Stored data =>
──────────

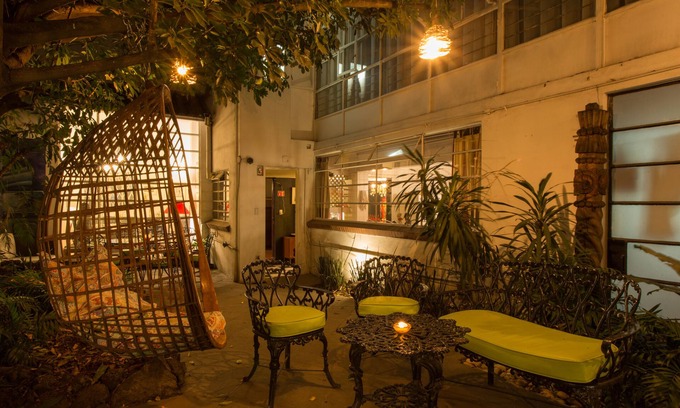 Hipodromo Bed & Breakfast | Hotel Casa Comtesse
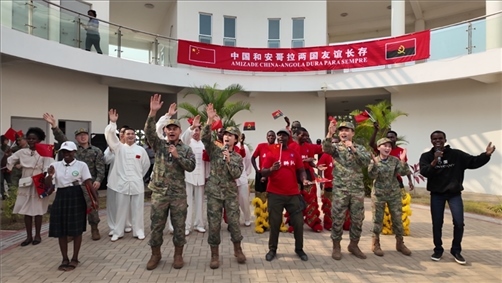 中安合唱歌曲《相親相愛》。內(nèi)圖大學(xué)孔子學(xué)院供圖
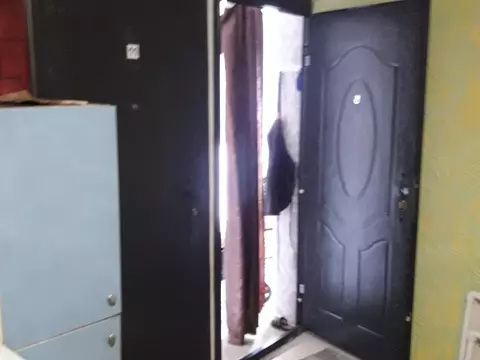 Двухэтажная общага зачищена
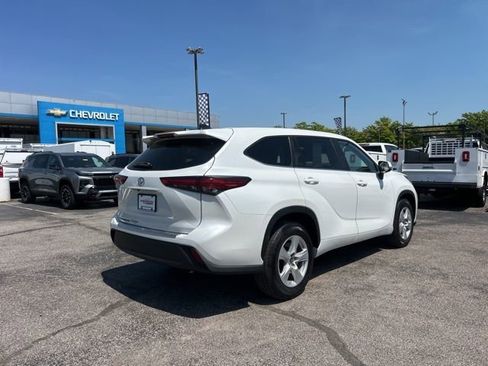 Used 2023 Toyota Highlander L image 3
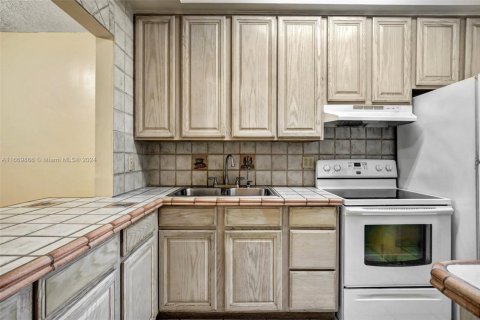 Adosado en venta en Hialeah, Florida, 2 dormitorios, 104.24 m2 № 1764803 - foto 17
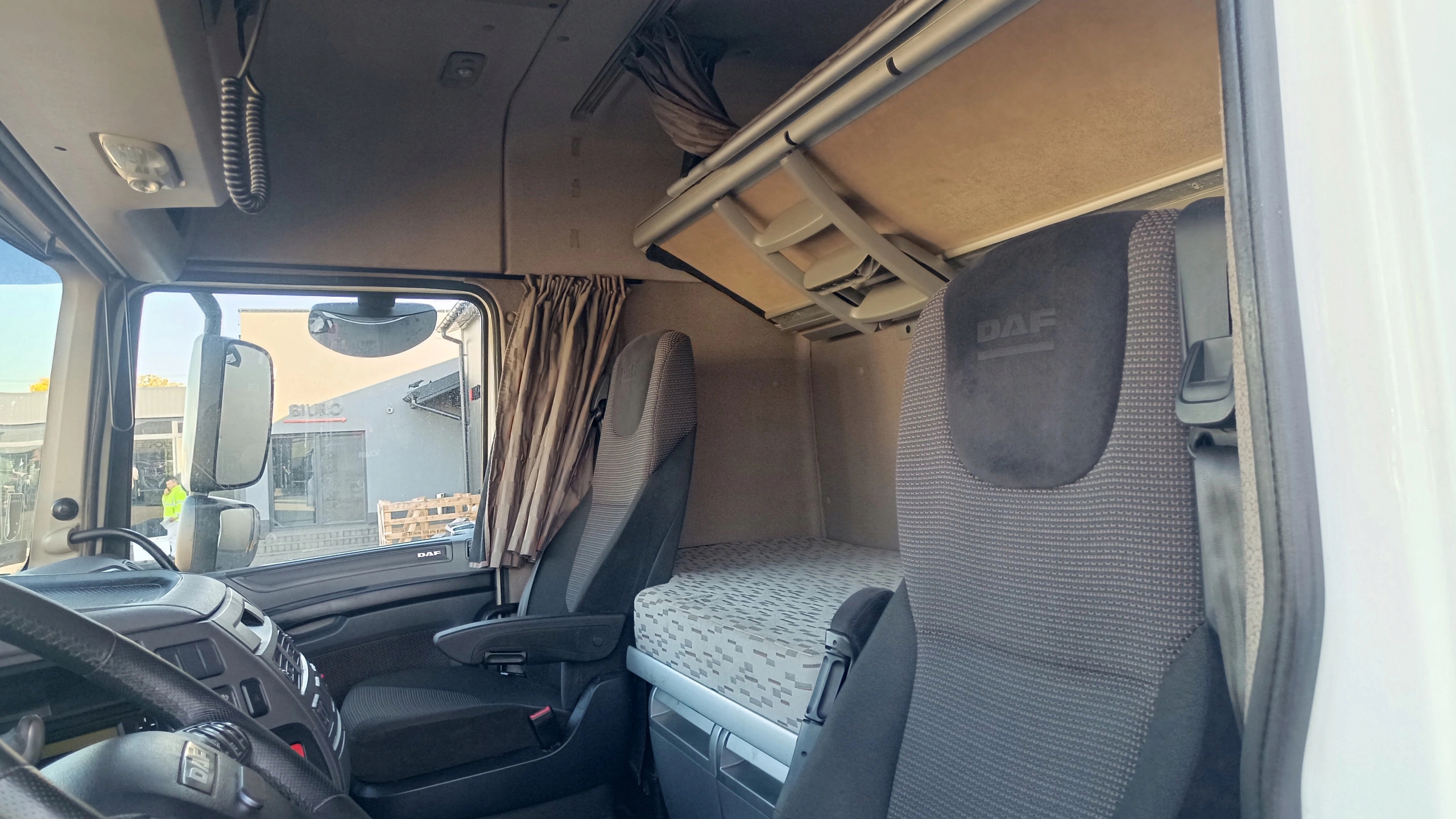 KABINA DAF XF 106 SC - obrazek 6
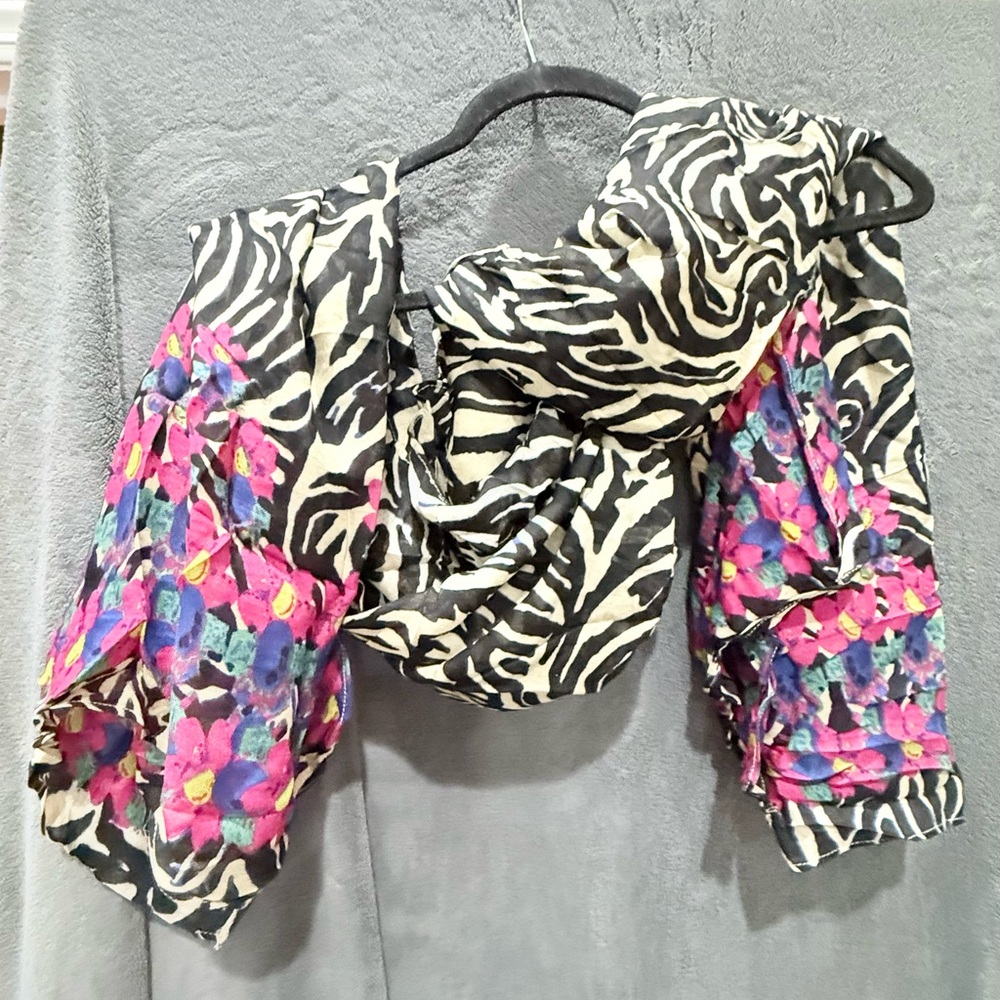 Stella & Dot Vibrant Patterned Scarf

──────────

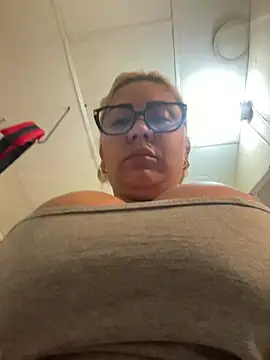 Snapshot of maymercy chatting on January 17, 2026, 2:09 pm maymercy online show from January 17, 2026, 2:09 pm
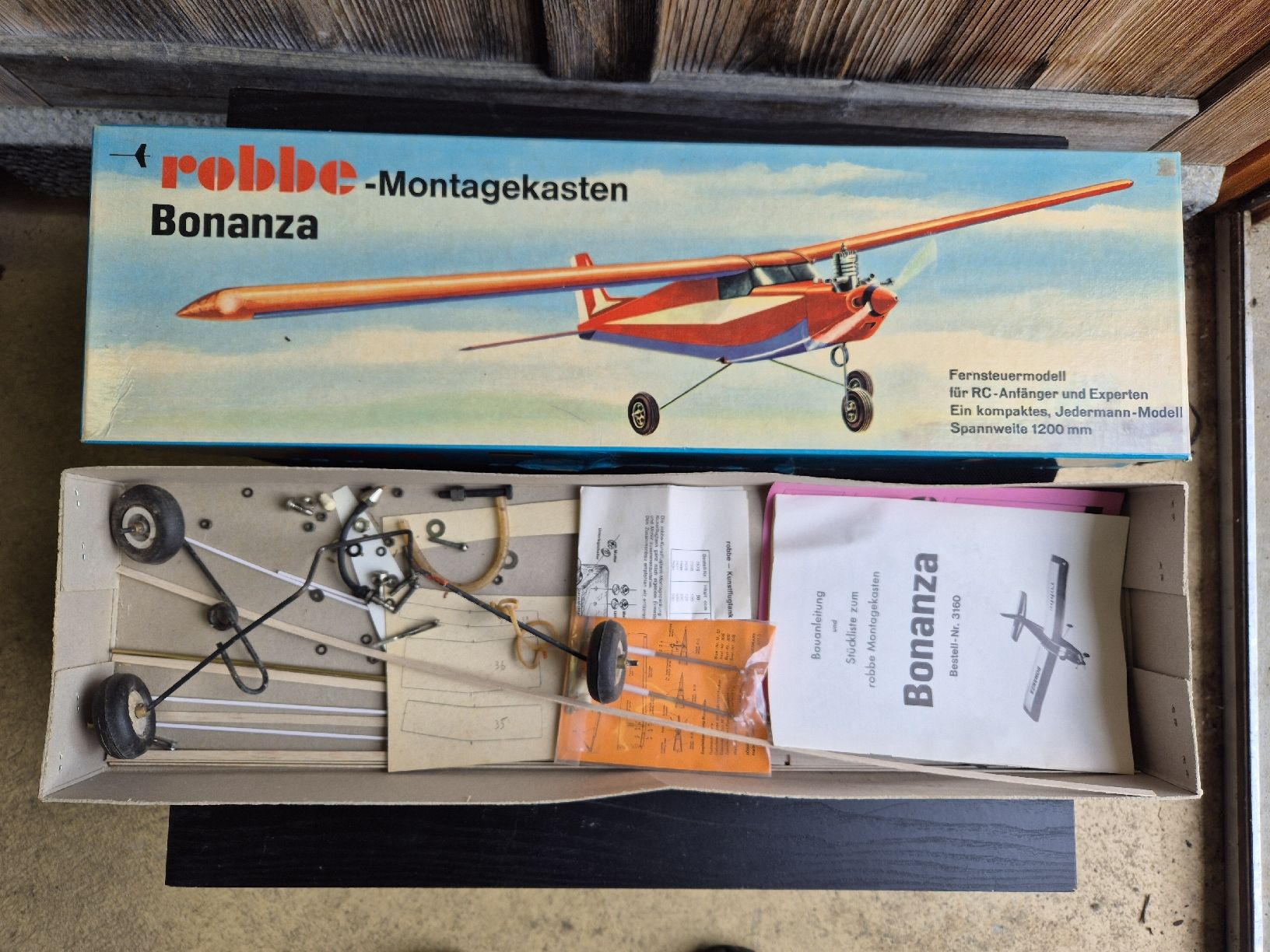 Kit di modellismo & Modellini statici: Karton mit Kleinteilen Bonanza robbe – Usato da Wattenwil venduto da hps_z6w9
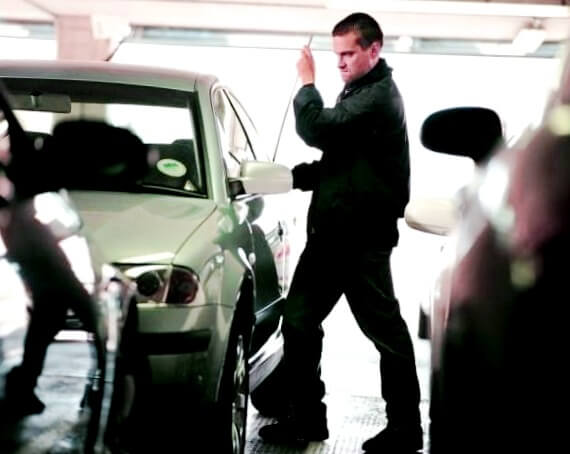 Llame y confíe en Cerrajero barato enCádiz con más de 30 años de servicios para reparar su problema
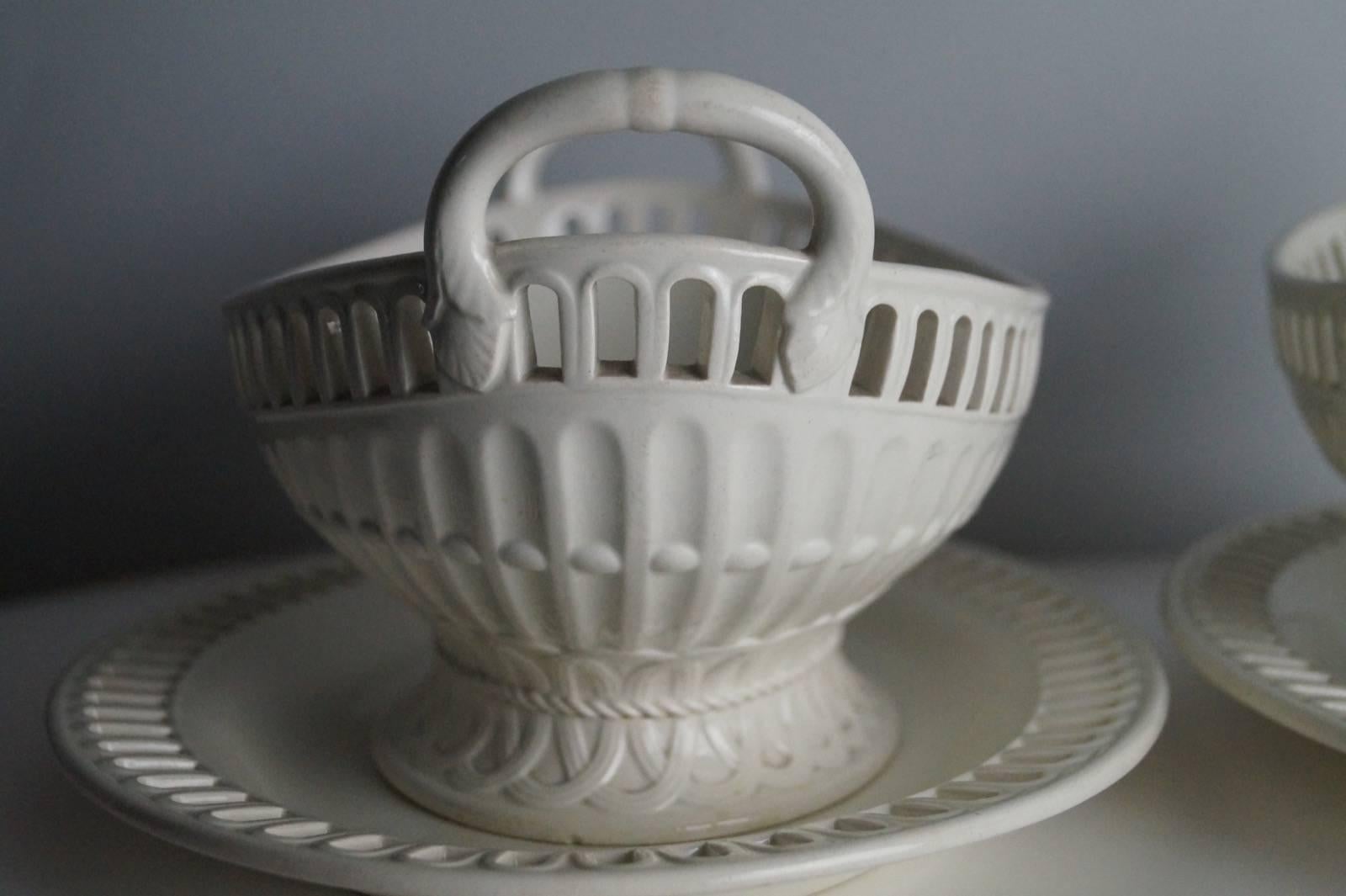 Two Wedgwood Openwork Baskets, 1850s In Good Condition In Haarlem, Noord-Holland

──────────

Assignment => Only the lines between the one with "Hipodromo Bed &" and the one with "Stella & Dot Vibrant Patterned Scarf", those two included, get copied from the material above. Keep it exact and free of pictures.

Your response =>
 Hipodromo Bed & Breakfast | Hotel Casa Comtesse
 中安合唱歌曲《相親相愛》。內(nèi)圖大學(xué)孔子學(xué)院供圖
 Двухэтажная общага зачищена
 Used 2023 Toyota Highlander L image 3
 Adosado en venta en Hialeah, Florida, 2 dormitorios, 104.24 m2 № 1764803 - foto 17
 KABINA DAF XF 106 SC - obrazek 6
 Stella & Dot Vibrant Patterned Scarf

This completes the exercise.